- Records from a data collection
○ ○ ○ ○ ○
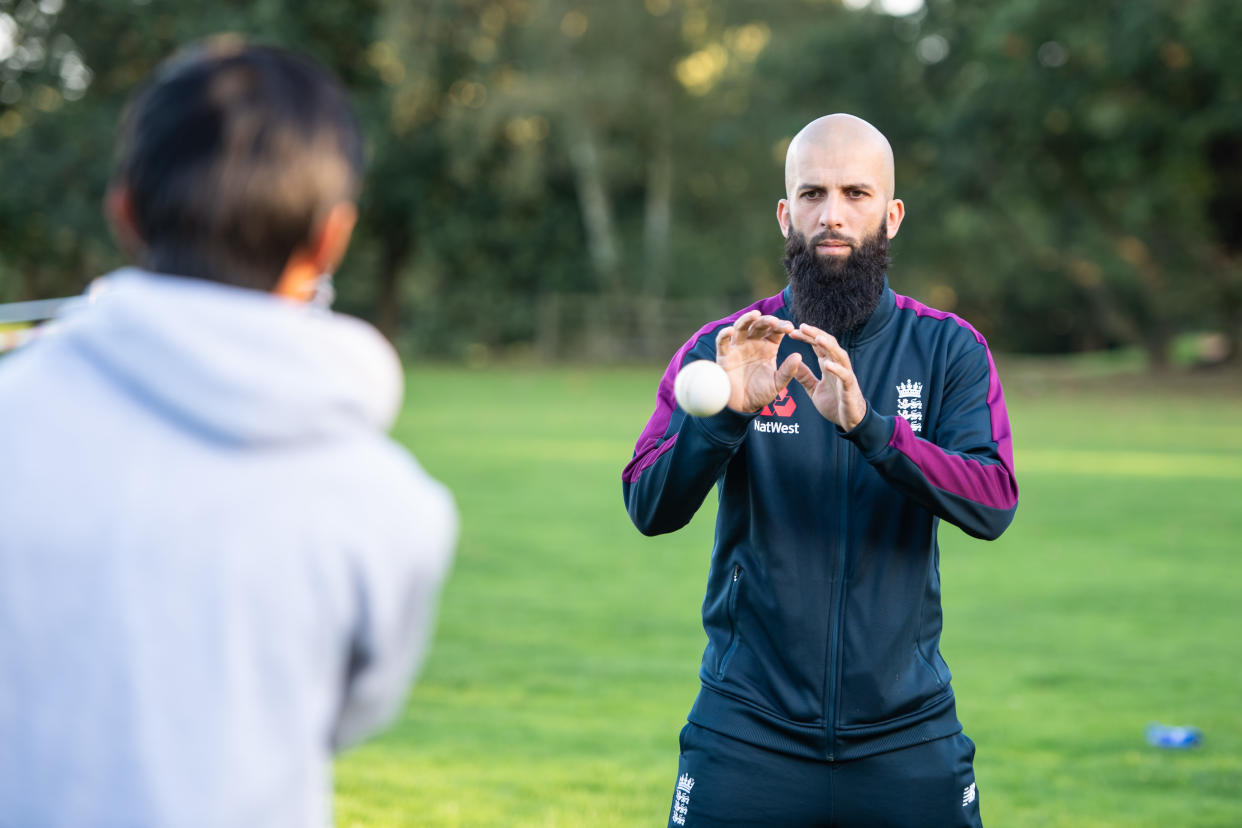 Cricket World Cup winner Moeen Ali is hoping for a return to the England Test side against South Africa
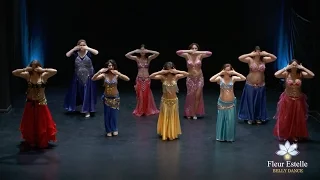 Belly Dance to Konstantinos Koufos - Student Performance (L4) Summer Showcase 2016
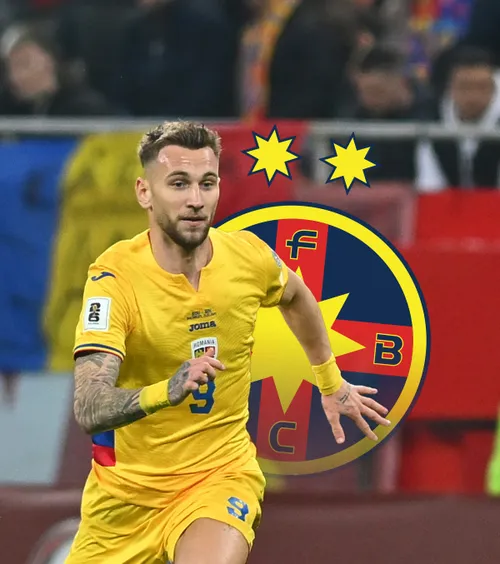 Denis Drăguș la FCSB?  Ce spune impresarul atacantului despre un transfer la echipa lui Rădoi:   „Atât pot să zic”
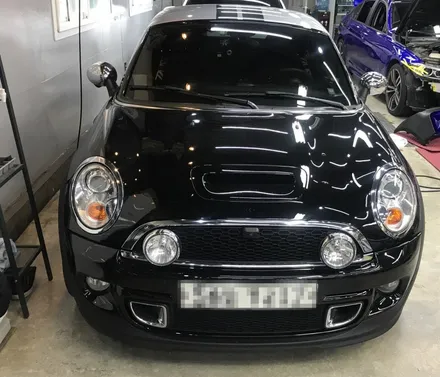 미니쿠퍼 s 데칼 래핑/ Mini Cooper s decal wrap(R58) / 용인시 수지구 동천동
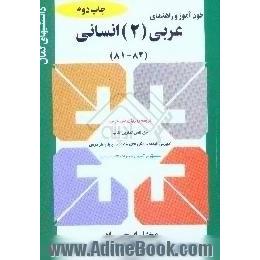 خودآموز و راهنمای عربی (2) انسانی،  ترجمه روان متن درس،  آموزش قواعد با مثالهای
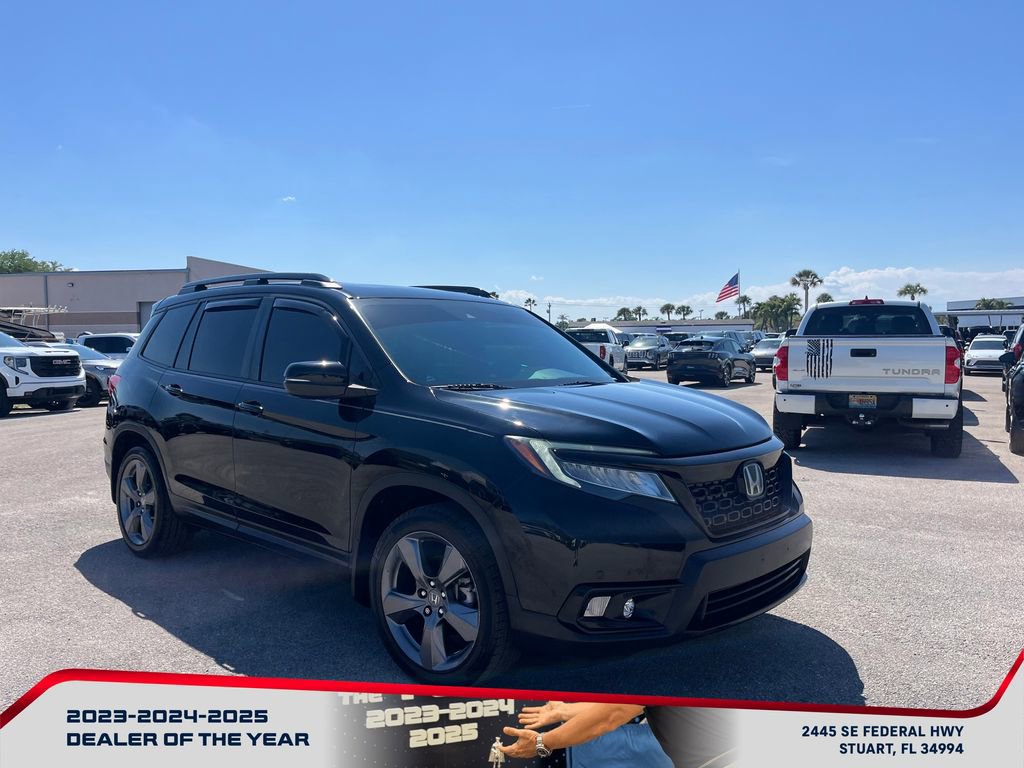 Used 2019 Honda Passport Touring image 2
○ ○ ○ ○ ○
- WHAT THE TASK REQUIRES
What is needed is an exact restatement of every line from the line containing "خودآموز و راهنمای" through the last line of the records, minus any pictures.

- SOLUTION TO THIS TASK
 خودآموز و راهنمای عربی (2) انسانی،  ترجمه روان متن درس،  آموزش قواعد با مثالهای
 Used 2019 Honda Passport Touring image 2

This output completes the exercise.